The fundamental principles and assumptions of "Vehicle-Orbital Vibrancy Dynamics" have provided formulas for calculating P and ar, but these calculations require the use of electronic computers and cannot theoretically reflect the full impact of P and ar. From a maintenance and repair perspective, if the factors that influence P and ar can be eliminated, the formation of screw hole cracks can be significantly reduced. Therefore, it is necessary to make several key assumptions regarding the orbital system:
1. The track is assumed to be rigidly supported, with the wheels acting as "excitation points."
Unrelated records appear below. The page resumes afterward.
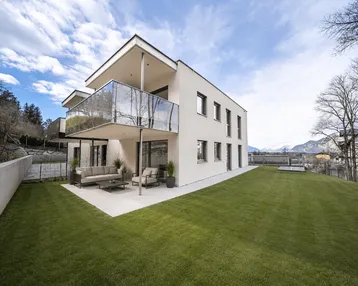 Moderne Wohnanlage mit großzügiger Terrasse, Rasenfläche und Bergblick unter blauem Himmel.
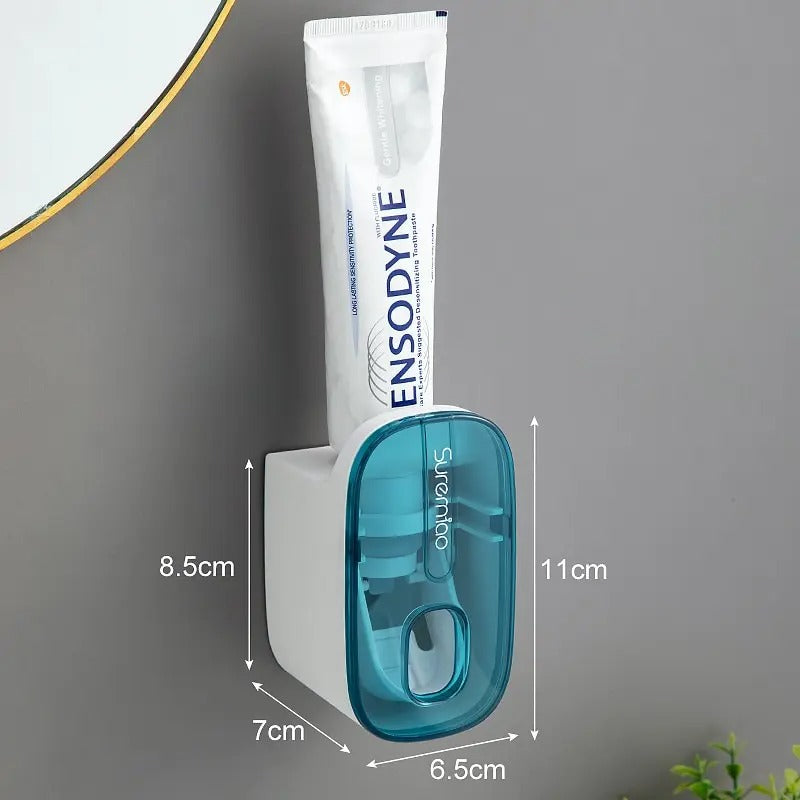 Blue wall-mounted automatic toothpaste dispenser with size measurements labeled in centimeters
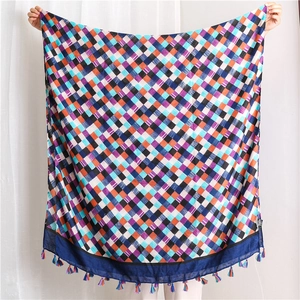 Detail of colorful geometric plaid cotton linen scarf with woven tassel fringe edge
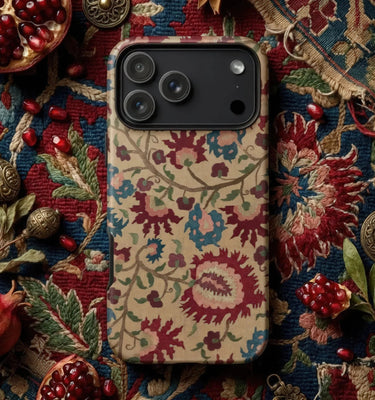 Floral Phone Cases with a vibrant floral design surrounded by pink flowers and decorative accessories.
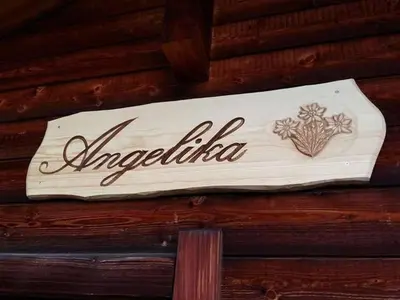 Ein Zertifikat, Auszeichnung, Logo oder anderes Dokument, das in der Unterkunft Holiday Home Chalet Angelika by Interhome ausgestellt ist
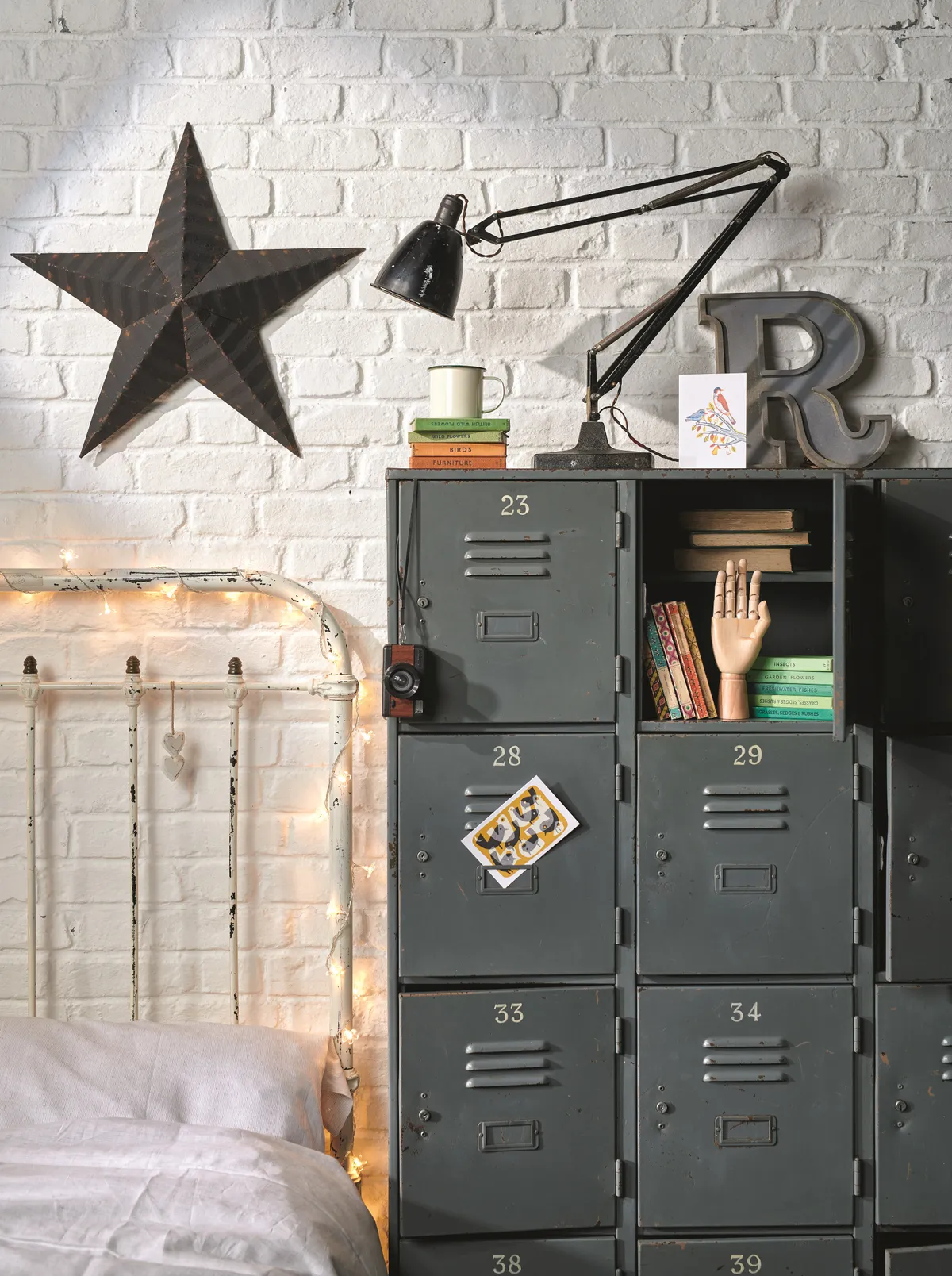 A grey vintage metal locker is used as a bedside table to a distressed metal bed.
2. The track is only subjected to vertical impact forces (since P and ar are primarily influenced by vertical impacts). In this case, the wheel acts as the impact load, and the rail is considered the impacted member. This assumption includes:
- The impacted member obeys Hooke’s law under impact.
- The mass of the impacted component is negligible.
- No energy losses are considered.
When these two conditions are met, P and ar can be simplified using the energy method and the principle of energy conservation to calculate the impact force and the resulting vibration acceleration of the rail. When a wheel strikes the rail joint, the rail experiences a vertical impact force PI, while the sleeper exerts a reaction force Frs. The vibration equation for the rail is given by: mr * ar = PI - Frs, where mr is the rail mass. The calculation of Frs follows the same principles as P. The mass of the wheel, including its self-weight and load, is denoted as am, and Kp represents the stiffness of the underlay cushion, fasteners, and sleepers.
According to "Vehicle-Axis Coordination Dynamics," the joints in ordinary tracks are the primary source of disturbance in the wheel-rail system. When a wheel passes over a joint, the sudden change in the wheel's center causes an immediate vertical downward impact on the track. As the wheel leaves the joint, the impact velocity disappears. The calculation of the joint's impact velocity uses the formula outlined in "Vehicle-Operational Occurrence Dynamics."
Several factors affect P and ar, as shown in equations (1) and (2):
(1) P and ar are closely related to axle weight, speed, and disturbances such as rail joints, misaligned welds, low joints, and peeling blocks. These factors directly increase the likelihood of screw hole cracks in rails. This correlation has been confirmed through statistical analysis.
(2) P and ar increase linearly with vehicle speed, which aligns with findings from "Vehicle-Track Accidental Dynamics."
(3) Disturbances in the track, such as rail joints and structural imperfections, are the root causes of P and ar. The magnitude of these disturbances directly influences the level of P and ar. Without disturbances, there would be no shocks or vibrations, making disturbance control essential for managing P and ar.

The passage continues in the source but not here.